Mr. Morganti sought help from a licensed roofing contractor, Ben Landa, who inspected the property and, contra American Family, concluded that the windstorm caused damage to the roofs. He concluded that the roofs needed to be replaced, costing approximately $81,000. But without benefits from American Family, Mr. Morganti could not pay Mr. Landa. So Mr. Landa recommended Mr. Morganti obtain a second opinion from a public adjuster named Peter Ridulfo. Mr. Ridulfo inspected the property in February 2020 and concluded that the damage to the roofs was the result of the windstorm, not wear and tear.  Mr. Ridulfo sent American Family a sworn proof of loss on May 12, 2020 of approximately $84,000.

Prompted by Mr. Ridulfo’s proof of loss, American Family agreed to reinspect the property.  On May 19, American Family sent two of its adjusters, Dustin Sanderson and Brian Mater, to take a look at the property along with Mr. Ridulfo and Seamus Bradley, a licensed contractor. Mr. Sanderson emailed Mr. Ridulfo several days later to say that, in his opinion, the damage to the roof was the result of wear and tear.

After the lawsuit was filed, American Family’s attorneys made the additional argument that the value of the damaged roof was zero before damage occurred. This was American Familiy’s winning argument:

Plaintiff’s policy provides coverage for wood shake roofs on an actual cash basis. Plaintiff’s Policy’s How We Settle Losses Section states, ‘[w]e will pay the cost to repair or replace … subject to the following: … (5) For any loss to wood roof surfaces, we will pay the least of: the actual cash value, the cost to repair or replace damaged property with materials of like construction; or any policy limit that applies.’

Not all insurance policies include a definition of actual cash value and courts have been asked to interpret this phrase. However, here, actual cash value is defined in Plaintiff’s policy – in fact it is the very first term defined in the policy’s definitions section.

Actual cash value.

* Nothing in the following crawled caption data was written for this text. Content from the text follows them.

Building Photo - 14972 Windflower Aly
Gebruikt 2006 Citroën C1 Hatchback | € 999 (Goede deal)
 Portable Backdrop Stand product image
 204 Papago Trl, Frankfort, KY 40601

This means the least of the:

a. value of damaged property;

b. change in value of damaged property directly due to the loss;

c. cost to repair damaged property; or

d. cost to replace damaged property less any deduction for:

(1) age;

(2) condition;

(3) obsolescence; or

(4) depreciation;

at the time of loss.

The ACV definition has been in Plaintiff’s policy since 2015 and Plaintiff was notified of the definition in a 2015 Explanation of Changes letter. The 2015 letter also advised Plaintiff that the language in the ‘Actual Cash Value Wood Roof Surface Loss Settlement Endorsement’ previously attached to his policy ‘has been integrated into the base Gold Star Homeowners policy’ under the How We Settle Losses Section. Plaintiff received the letter and produced it. He renewed his policy several times after.

American Family’s retained costing expert, using Plaintiff’s May 2, 2020, estimate as the assumed replacement costs for purposes of his damages calculation, determined the actual cash value under each of the four defined methods as set forth below. Mr. Logan is the only expert in this case to do this. In rebuttal, Plaintiff raised several disputes about Mr. Logan’s methodology for method (d), however because method (b) result in a lower calculation than either methods (a), (c), or (d), and the definition states actual cash value is the least of the four methods, those disputes are not material. Specifically, because the wood roofs were beyond their remaining life expectancy before the June 2019 storm, and remained beyond their remaining life expectancy after, the same depreciation percentage applies, resulting in zero net change.

Plaintiff cannot create a genuine issue of fact that additional amounts are owed. Plaintiff did not offer an actual cash value calculation or even acknowledge the wood shake roof surface damage was limited to actual cash value during the claim or in litigation. See also, (presuit replacement cost demands). Plaintiff’s experts did not address the actual cash value language in their affirmative reports. It was not until American Family retained a costing expert to calculate the actual cash value under each of the policy definition’s four methods that Plaintiff even acknowledged the language in the How We Settle Losses Section but continuing to ignore the policy’s definition of actual cash value. While there are disputes about how the depreciation method (method (d)) is calculated, these are immaterial. The definition expressly limits the actual cash value to the least of the four methods and it is undisputed the

depreciation method is not the lowest.

Plaintiff’s ‘evidence’ that the roof was in good condition before the alleged date of loss is conclusory. The undisputed facts establish that Plaintiff has no idea what the condition of his roof was because he never had it inspected and did no maintenance. UF #7, 36. See Gallegos v. Safeco Ins. Co. of Am., No. 14-CV-1114-WJM-MJW, 2015 WL 3526956, at *2 (D. Colo. June 4, 2015), aff’d, 646 F. App’x 689 (10th Cir. 2016) (dismissing breach of contract claim because plaintiff failed to meet his burden of proving exception to wear and tear, and deterioration exclusion to coverage).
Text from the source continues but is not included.